» **Task instructions**
The answer must consist solely of the lines from the line with "Photograph of Ron" to the end of the data below, transcribed exactly and with no pictures.

=-=-=

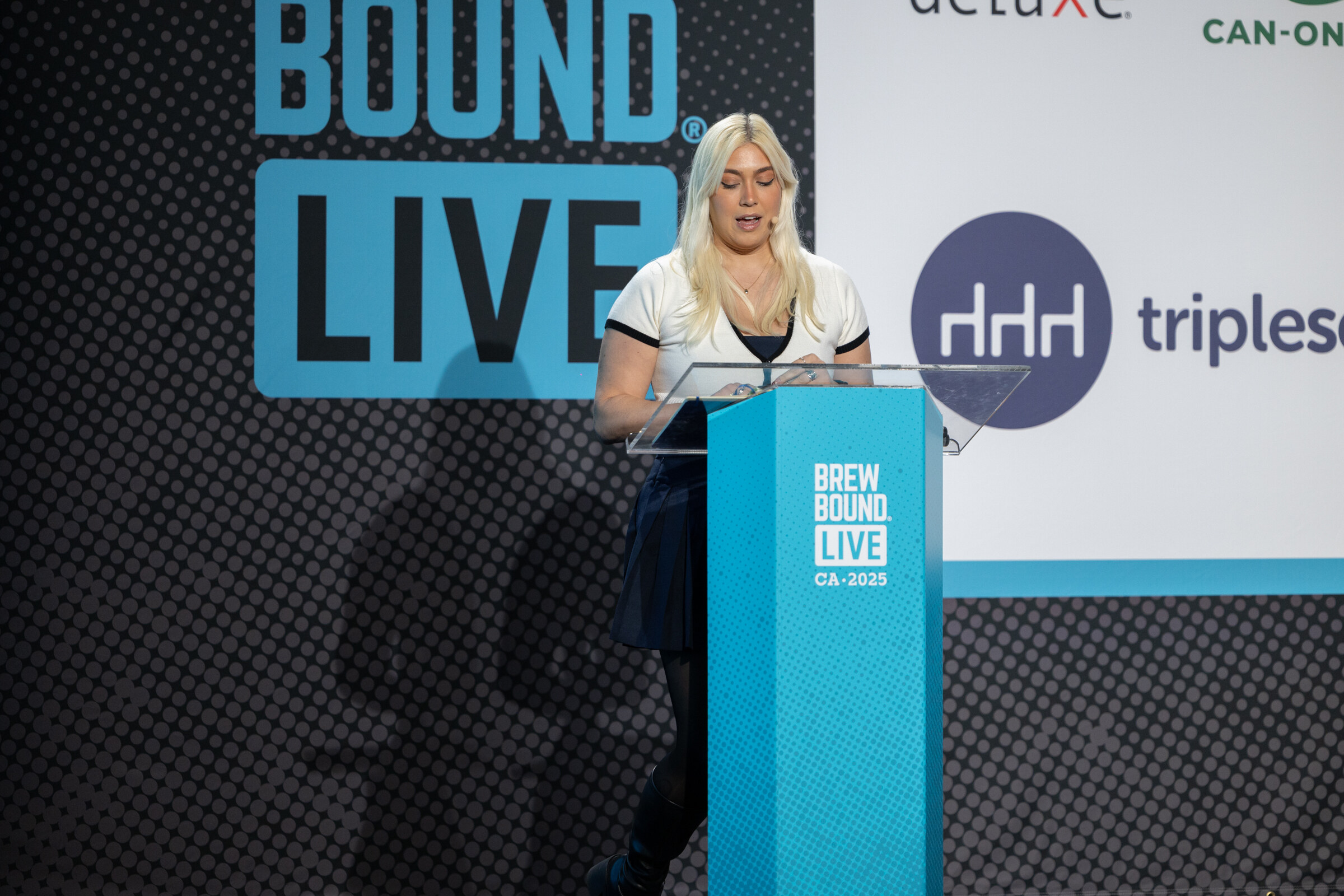 Woman with long blond hair standing at a teal Brewbound Live podium in front of a Tripleseat logo.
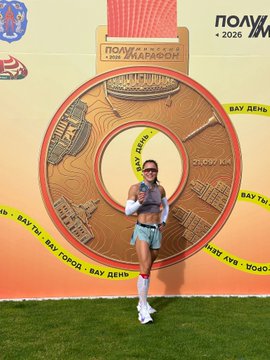 A woman in a sporty outfit posing in front of a large circular medal prop with Russian text including 'ПОЛУМАРАФОН' and '2026' visible on the backdrop.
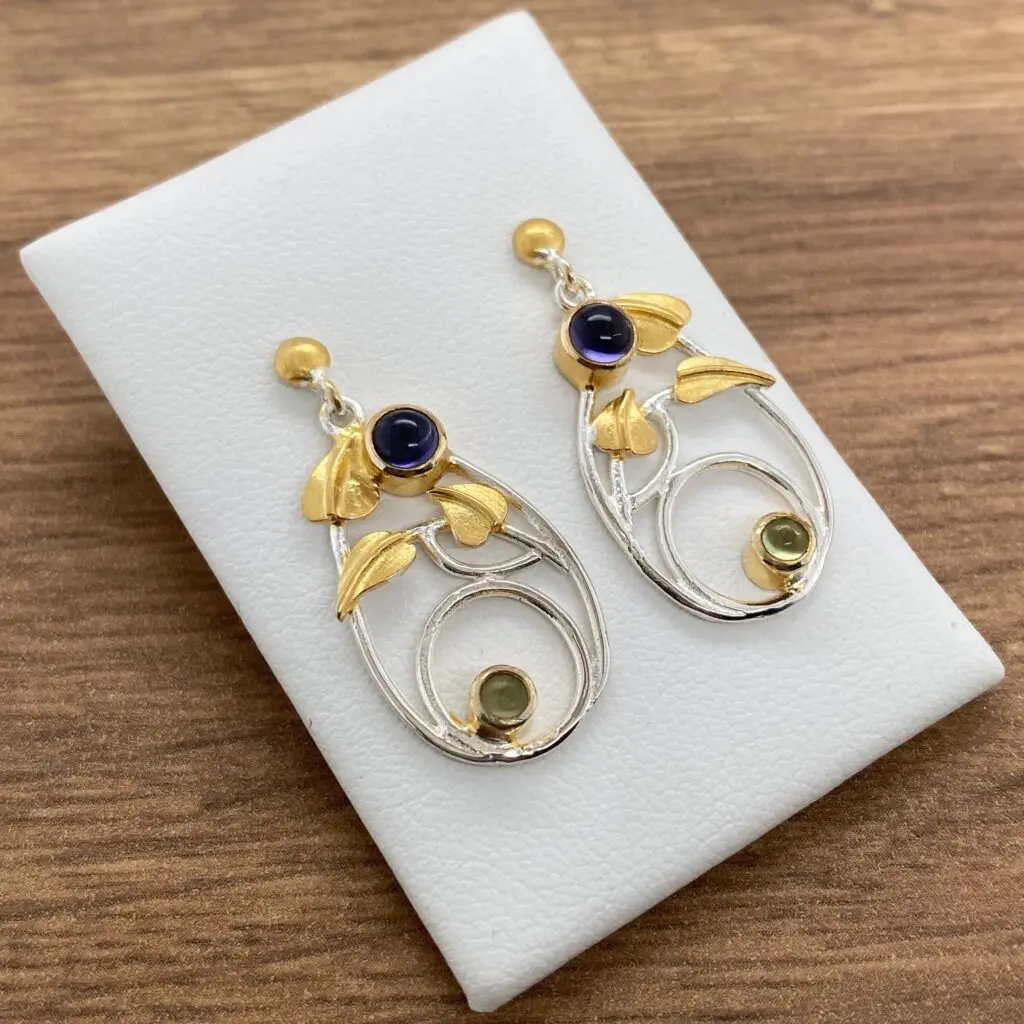 Silver and gold earrings with gemstones.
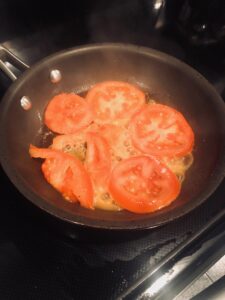 Tomato slices sauteing in a skillet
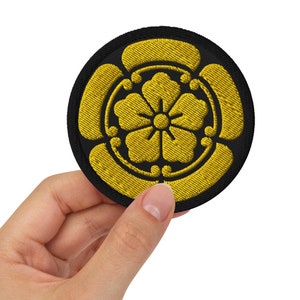 Könnte beinhalten: Ein gestickter Aufnäher in Schwarz und Gold mit einem stilisierten Blumendesign. Der Aufnäher ist rund und hat einen schwarzen Rand.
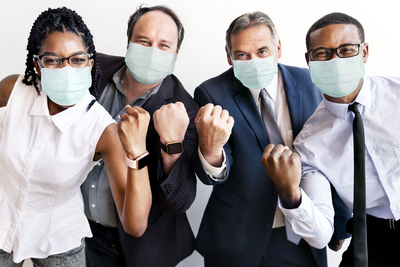 Successful-business-people-wearing-face-masks-work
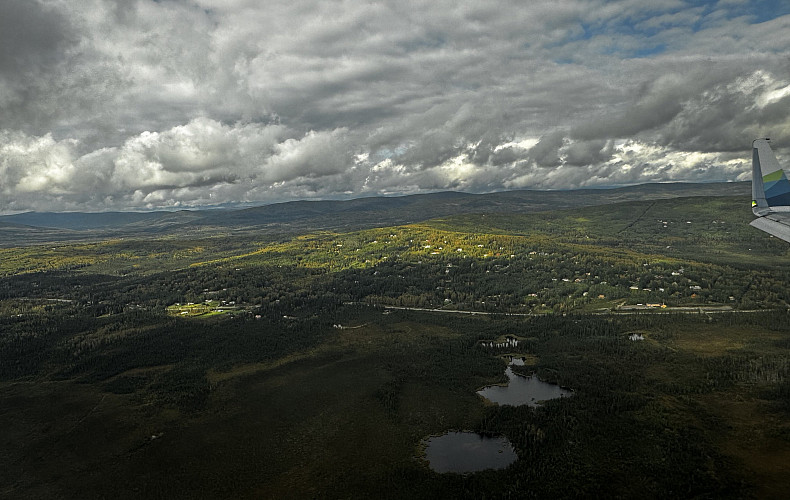 An aerial view from the bush plane of mountains and lakes flying in to Arctic Village.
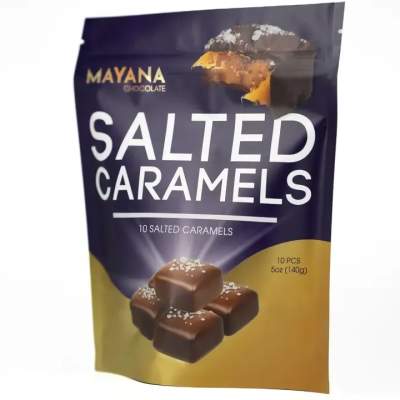 Bag of salted caramels in dark purple and gold packaging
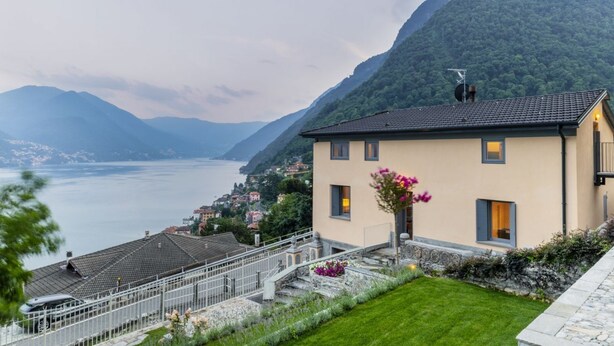 Una casa con balcón que da a un lago y montañas.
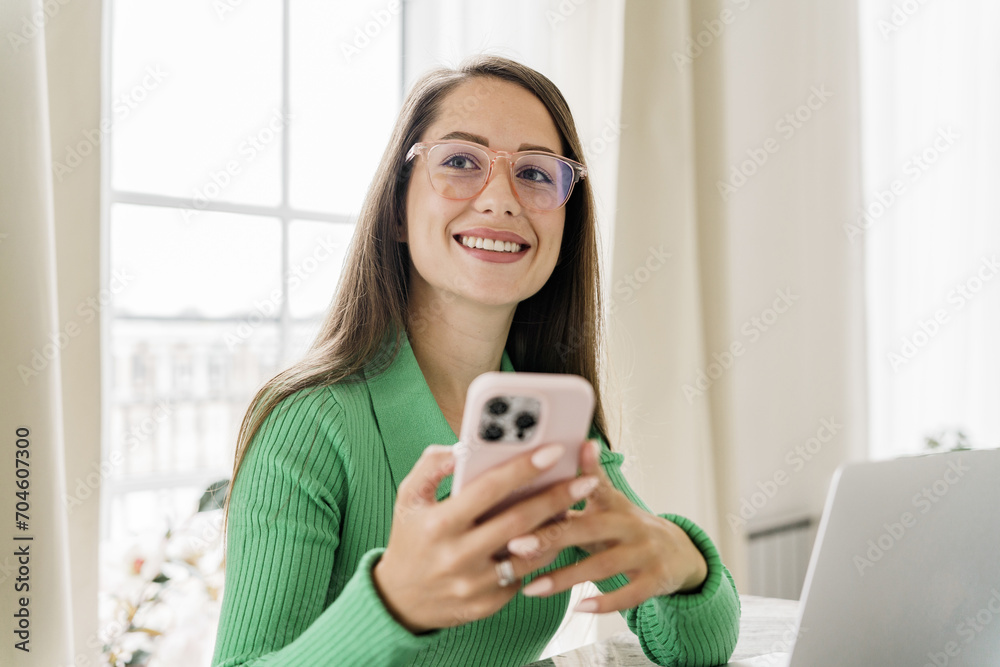 Smiling young woman in glasses using smartphone, cozy interior background with natural light. Smiling young woman in glasses using smartphone, cozy interior background with natural light.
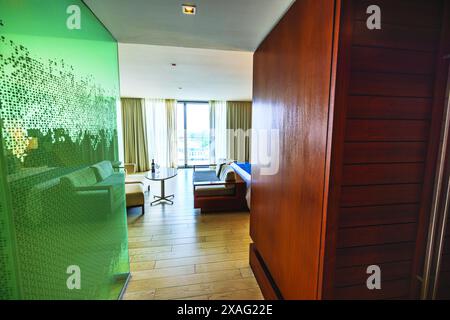 Wunderschöner Blick auf ein luxuriöses Resort-Zimmer mit moderner Einrichtung und Meerblick durch große Fenster, mit einer Dusche mit Glaswänden auf der linken Seite, A Stockfoto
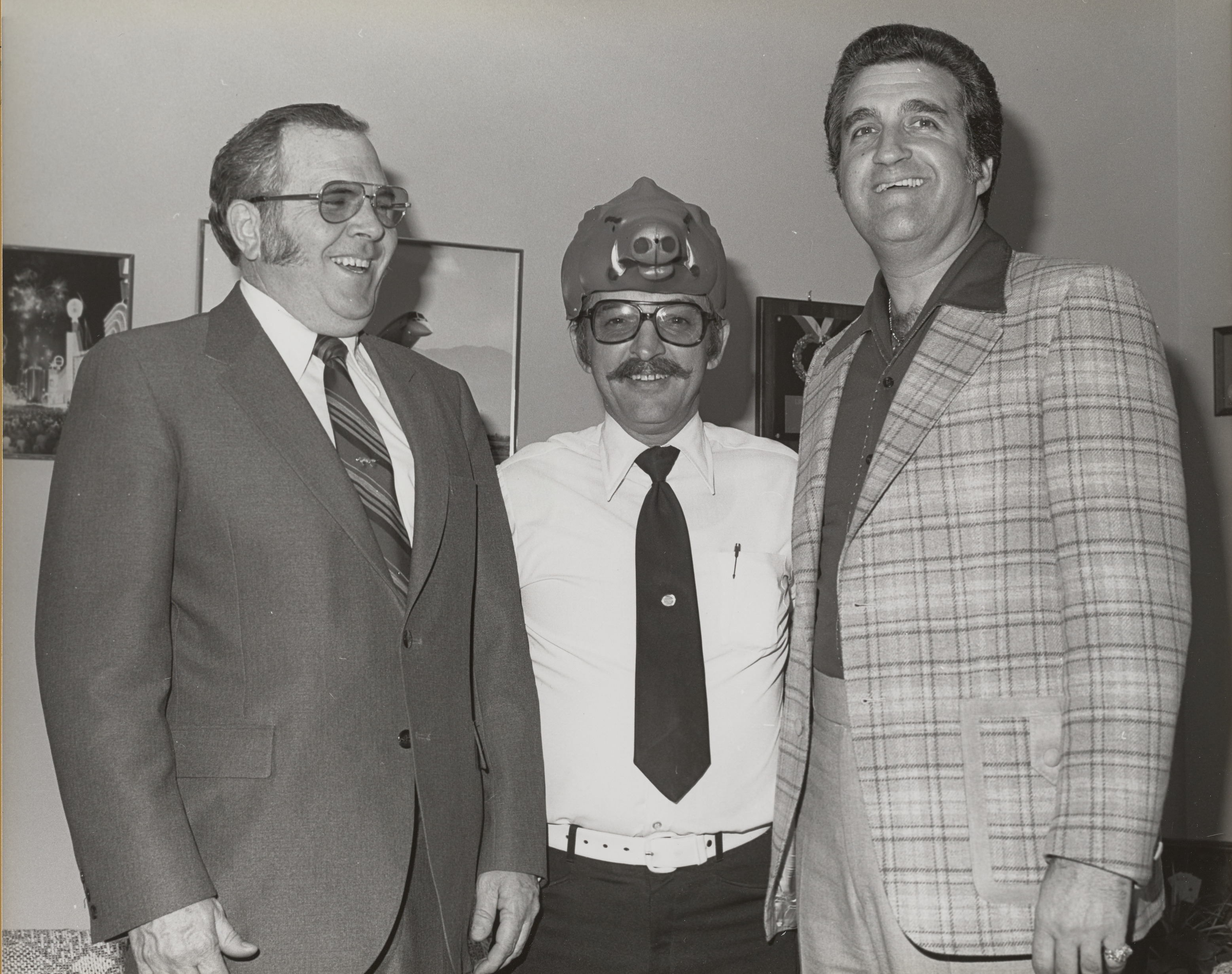 Photograph of Ron Lurie with a man wearing a pig hat and another unidentified man
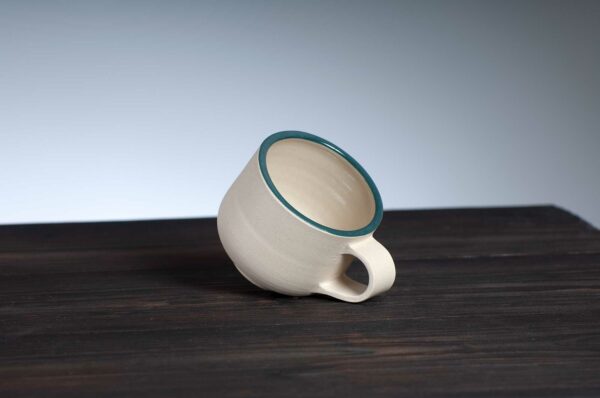 top view of espresso cup with teal rim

=-=-=

» **Output of the exercise**
 Photograph of Ron Lurie with a man wearing a pig hat and another unidentified man
 top view of espresso cup with teal rim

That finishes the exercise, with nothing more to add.